創世神、アルトラ
直後———波旬は言い知れぬ悪寒を感じ、背後に跳躍した。
「ぬっ」
波旬を眩いばかりの極光が襲う。無限光・・・その極光に、波旬は歓喜の声を上げる。灼熱の極光が周辺一帯を焼き尽くす。その余りの熱量に、大地がドロドロのマグマに変わる。
「貴様かっ、創世神アルトラっ!!!」
「少しおいたが過ぎましたね、波旬。貴方はやり過ぎた」
空間から溶け込むように、それは降臨する。創世神アルトラ、光輝を纏った女神が顕現した。

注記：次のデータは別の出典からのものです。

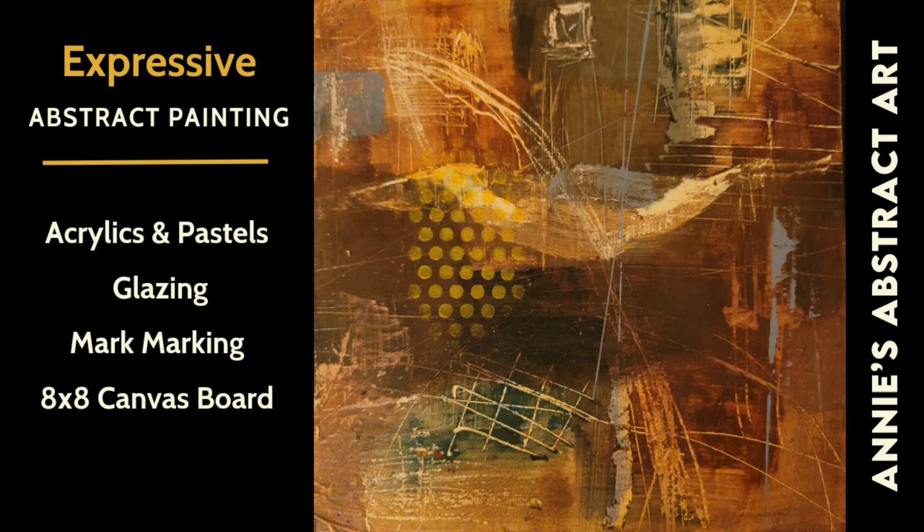Hi everyone, it's Anne. Welcome to my channel, Annie's Abstract Art, where I do just that. I love doing various types of abstract art, but I have to say expressive abstract painting is my favorite because you're working with so many different layers and colors and media and mark making. It's just so liberating. I love the process. I love the way this piece turned out — I can't wait to show you how I did it. The video will start now. Enjoy.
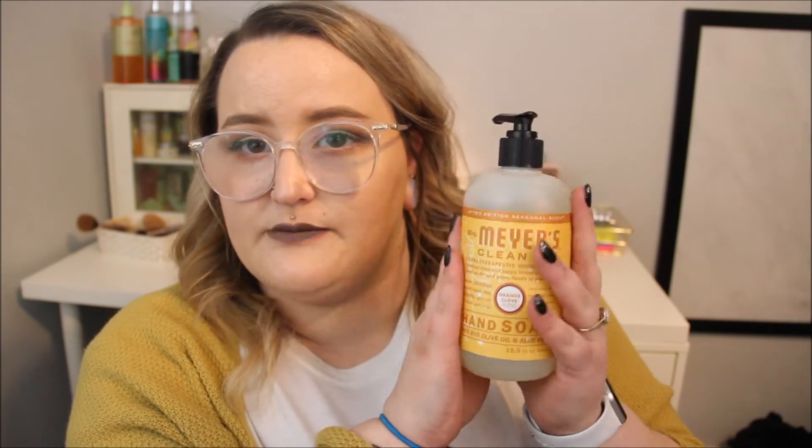They also sent this hand soap - this is Mrs. Meyer's in the Orange Clove set, and it says it's a limited edition set. Oh, it smells so good! I really like that. This is just a cute little hand soap - I love the way Mrs. Meyer's stuff looks, it's super cute.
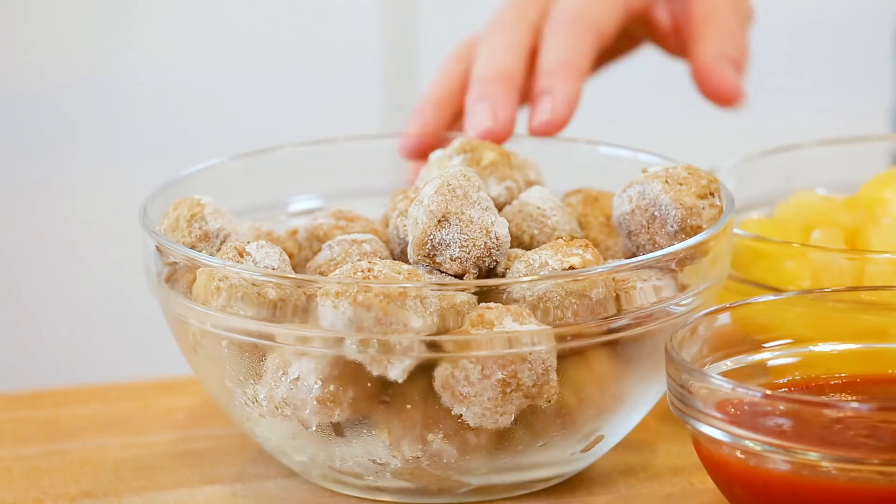Next up, for something just a little lighter, I have these amazing sweet and tangy pineapple meatballs. The meatballs we're going to be using are actually frozen meatballs — they're a great supermarket shortcut and I always have some hanging out in the freezer. These are chicken meatballs, but you could do this with turkey, beef, or even veggie meatballs if you wanted to keep this recipe totally vegetarian.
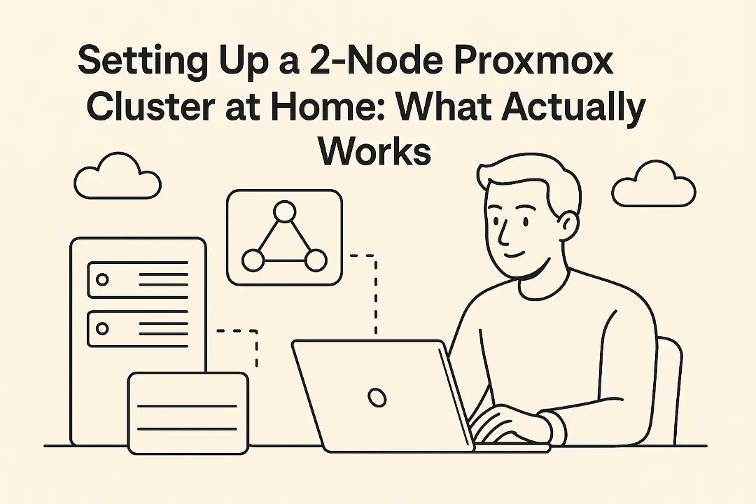Let's distill all this down into a concrete action plan. First, and most importantly: add a Q device for guaranteed stability. This is the key takeaway. Set it up on a Pi or a VM on your NAS, follow the Proxmox documentation for pvecm, get that third vote in place. It ensures quorum even if one node fails, and crucially it prevents those split-brain nightmares.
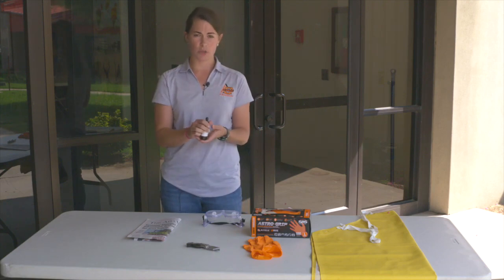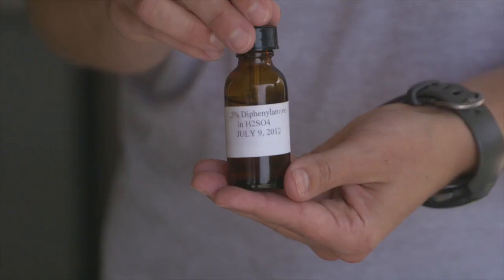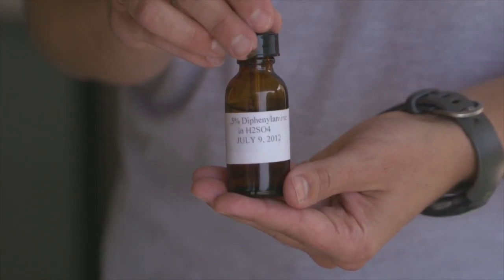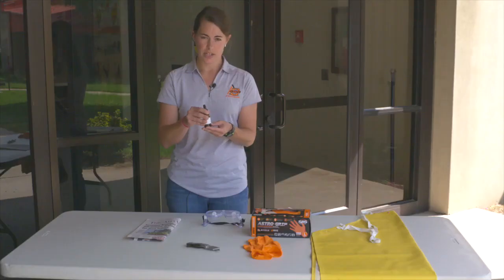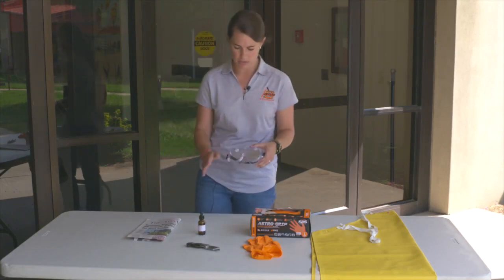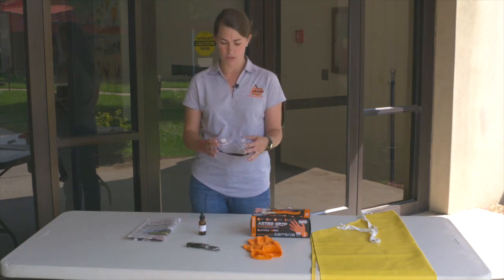Of course, the diphenylamine — a good bottle of diphenylamine that's been properly tested for accuracy so that we know it's properly indicating the nitrates. We also encourage the use of goggles, because as you know, this is acid and can damage a lot of things.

人類総てが醜い豚に思えるほど美しい顔立ちは、現在怒りに歪んでいる。それ程、この事態は女神には誤算でしか無かった。つまり、イレギュラーだ。想定外の事態だ。
故に、女神当人が降臨した。美しい顔を怒りに歪めて。
波旬はしかし、少しも悪びれない様子で嗤う。その顔は、ほんの僅かも動じてはいない。
むしろ、少しだけわくわくしている。
「そう言うな、創世神。貴様が我が化身をこの世界に送り込んだおかげで、わしも愉しめたのだ」
「私は、その為に織田信長をこの世界に送った訳ではありません。勘違いしないで下さい」
「はははっ、そうであろうな!!!」
波旬は心底愉しそうに嗤う。しかし、アルトラは不快そうに顔を歪める。嗤う波旬と、それを睨む女神という対極の二柱。この二柱が存在しているだけで、空間が圧力に悲鳴を上げる。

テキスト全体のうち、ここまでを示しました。